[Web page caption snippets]
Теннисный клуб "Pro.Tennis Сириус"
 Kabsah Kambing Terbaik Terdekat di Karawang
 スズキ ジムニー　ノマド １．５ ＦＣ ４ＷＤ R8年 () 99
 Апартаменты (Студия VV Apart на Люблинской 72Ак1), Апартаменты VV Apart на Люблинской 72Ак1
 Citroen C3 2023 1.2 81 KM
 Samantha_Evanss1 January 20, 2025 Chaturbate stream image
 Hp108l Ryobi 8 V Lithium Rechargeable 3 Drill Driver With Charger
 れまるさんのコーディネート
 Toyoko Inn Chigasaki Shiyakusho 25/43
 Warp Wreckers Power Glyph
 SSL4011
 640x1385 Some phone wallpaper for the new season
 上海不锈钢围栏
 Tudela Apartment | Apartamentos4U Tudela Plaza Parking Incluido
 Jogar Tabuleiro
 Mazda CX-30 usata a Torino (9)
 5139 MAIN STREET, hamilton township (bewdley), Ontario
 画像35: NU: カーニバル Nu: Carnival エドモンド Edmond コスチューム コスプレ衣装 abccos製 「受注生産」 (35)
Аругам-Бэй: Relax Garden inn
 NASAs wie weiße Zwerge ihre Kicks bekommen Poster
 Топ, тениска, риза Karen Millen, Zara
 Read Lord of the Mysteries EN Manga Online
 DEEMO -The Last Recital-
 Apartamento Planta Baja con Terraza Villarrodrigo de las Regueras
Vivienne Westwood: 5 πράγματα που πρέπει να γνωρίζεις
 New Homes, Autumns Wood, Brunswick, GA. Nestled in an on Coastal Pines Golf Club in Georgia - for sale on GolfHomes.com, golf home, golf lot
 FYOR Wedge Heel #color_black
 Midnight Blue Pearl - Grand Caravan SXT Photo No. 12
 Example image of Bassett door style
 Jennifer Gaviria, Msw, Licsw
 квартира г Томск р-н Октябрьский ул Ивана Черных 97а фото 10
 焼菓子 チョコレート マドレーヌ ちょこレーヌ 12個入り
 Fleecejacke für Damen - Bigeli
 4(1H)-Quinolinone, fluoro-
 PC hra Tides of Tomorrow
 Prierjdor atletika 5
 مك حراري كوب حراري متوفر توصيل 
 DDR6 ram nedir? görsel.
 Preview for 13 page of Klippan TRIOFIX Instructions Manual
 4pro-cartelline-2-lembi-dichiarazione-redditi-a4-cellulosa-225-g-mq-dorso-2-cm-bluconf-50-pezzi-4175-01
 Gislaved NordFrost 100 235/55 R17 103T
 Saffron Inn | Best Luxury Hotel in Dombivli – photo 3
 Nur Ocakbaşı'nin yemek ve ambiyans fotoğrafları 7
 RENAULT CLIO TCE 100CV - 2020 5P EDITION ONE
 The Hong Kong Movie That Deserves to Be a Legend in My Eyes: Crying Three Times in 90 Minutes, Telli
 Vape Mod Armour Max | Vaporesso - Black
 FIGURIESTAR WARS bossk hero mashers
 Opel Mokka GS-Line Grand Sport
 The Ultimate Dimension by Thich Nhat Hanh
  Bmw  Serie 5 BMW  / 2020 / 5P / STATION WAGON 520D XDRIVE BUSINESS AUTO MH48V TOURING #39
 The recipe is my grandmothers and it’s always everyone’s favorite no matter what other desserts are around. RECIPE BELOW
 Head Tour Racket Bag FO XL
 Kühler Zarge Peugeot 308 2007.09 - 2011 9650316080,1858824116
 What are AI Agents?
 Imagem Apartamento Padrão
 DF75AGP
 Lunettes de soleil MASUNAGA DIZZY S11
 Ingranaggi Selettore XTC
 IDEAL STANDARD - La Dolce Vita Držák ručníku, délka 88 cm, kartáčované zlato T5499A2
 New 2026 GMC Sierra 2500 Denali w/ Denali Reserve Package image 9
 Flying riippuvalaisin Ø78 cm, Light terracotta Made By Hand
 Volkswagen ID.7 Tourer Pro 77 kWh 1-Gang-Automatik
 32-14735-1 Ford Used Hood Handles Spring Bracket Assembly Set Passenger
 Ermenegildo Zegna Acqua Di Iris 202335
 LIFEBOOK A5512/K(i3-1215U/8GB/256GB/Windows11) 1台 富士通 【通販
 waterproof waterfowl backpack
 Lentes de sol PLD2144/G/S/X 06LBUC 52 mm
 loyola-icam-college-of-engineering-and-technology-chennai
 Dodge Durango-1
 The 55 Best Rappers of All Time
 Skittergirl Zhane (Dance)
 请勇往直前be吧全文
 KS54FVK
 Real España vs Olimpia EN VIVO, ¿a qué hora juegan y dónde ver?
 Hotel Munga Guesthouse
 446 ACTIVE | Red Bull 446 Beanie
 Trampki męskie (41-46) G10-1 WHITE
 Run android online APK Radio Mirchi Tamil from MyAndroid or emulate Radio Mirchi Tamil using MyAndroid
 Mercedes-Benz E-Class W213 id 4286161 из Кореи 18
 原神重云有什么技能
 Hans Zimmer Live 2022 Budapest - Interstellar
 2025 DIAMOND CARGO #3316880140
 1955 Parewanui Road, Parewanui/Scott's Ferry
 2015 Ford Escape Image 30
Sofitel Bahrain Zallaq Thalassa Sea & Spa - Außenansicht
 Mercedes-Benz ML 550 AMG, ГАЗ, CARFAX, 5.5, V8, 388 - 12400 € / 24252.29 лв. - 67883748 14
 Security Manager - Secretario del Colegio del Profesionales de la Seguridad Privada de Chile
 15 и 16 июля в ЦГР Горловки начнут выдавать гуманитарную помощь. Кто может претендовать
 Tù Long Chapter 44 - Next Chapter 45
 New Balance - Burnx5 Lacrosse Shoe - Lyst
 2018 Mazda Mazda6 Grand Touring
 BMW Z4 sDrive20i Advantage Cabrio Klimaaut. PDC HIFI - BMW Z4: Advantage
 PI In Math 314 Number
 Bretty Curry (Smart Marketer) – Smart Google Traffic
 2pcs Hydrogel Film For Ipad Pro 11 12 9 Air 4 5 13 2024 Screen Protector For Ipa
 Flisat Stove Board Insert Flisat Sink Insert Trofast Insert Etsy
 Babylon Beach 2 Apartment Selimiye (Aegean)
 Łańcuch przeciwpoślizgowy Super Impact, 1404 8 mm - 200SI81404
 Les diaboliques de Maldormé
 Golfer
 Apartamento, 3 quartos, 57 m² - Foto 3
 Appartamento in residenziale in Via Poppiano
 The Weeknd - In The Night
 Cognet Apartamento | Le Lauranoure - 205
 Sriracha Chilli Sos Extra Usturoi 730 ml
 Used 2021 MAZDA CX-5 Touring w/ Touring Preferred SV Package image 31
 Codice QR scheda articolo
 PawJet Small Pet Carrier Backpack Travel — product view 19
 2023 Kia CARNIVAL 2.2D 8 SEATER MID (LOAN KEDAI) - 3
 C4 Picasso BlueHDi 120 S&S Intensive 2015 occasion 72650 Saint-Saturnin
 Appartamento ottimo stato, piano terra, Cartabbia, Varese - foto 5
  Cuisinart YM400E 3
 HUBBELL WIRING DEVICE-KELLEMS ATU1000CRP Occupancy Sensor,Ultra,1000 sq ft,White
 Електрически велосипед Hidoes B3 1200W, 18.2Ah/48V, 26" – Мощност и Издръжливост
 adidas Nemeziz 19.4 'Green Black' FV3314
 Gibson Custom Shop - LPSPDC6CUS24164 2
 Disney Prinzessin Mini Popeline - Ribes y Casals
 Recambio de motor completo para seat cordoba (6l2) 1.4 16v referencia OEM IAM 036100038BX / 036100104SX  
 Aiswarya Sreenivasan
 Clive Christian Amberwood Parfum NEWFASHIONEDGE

▶ [YOUR INSTRUCTIONS]:
All lines above from the one with "The recipe is" to the one with "32-14735-1 Ford Used", inclusive, should be copied exactly, and no other lines.

▶ [TASK ANSWER]:
 The recipe is my grandmothers and it’s always everyone’s favorite no matter what other desserts are around. RECIPE BELOW
 Head Tour Racket Bag FO XL
 Kühler Zarge Peugeot 308 2007.09 - 2011 9650316080,1858824116
 What are AI Agents?
 Imagem Apartamento Padrão
 DF75AGP
 Lunettes de soleil MASUNAGA DIZZY S11
 Ingranaggi Selettore XTC
 IDEAL STANDARD - La Dolce Vita Držák ručníku, délka 88 cm, kartáčované zlato T5499A2
 New 2026 GMC Sierra 2500 Denali w/ Denali Reserve Package image 9
 Flying riippuvalaisin Ø78 cm, Light terracotta Made By Hand
 Volkswagen ID.7 Tourer Pro 77 kWh 1-Gang-Automatik
 32-14735-1 Ford Used Hood Handles Spring Bracket Assembly Set Passenger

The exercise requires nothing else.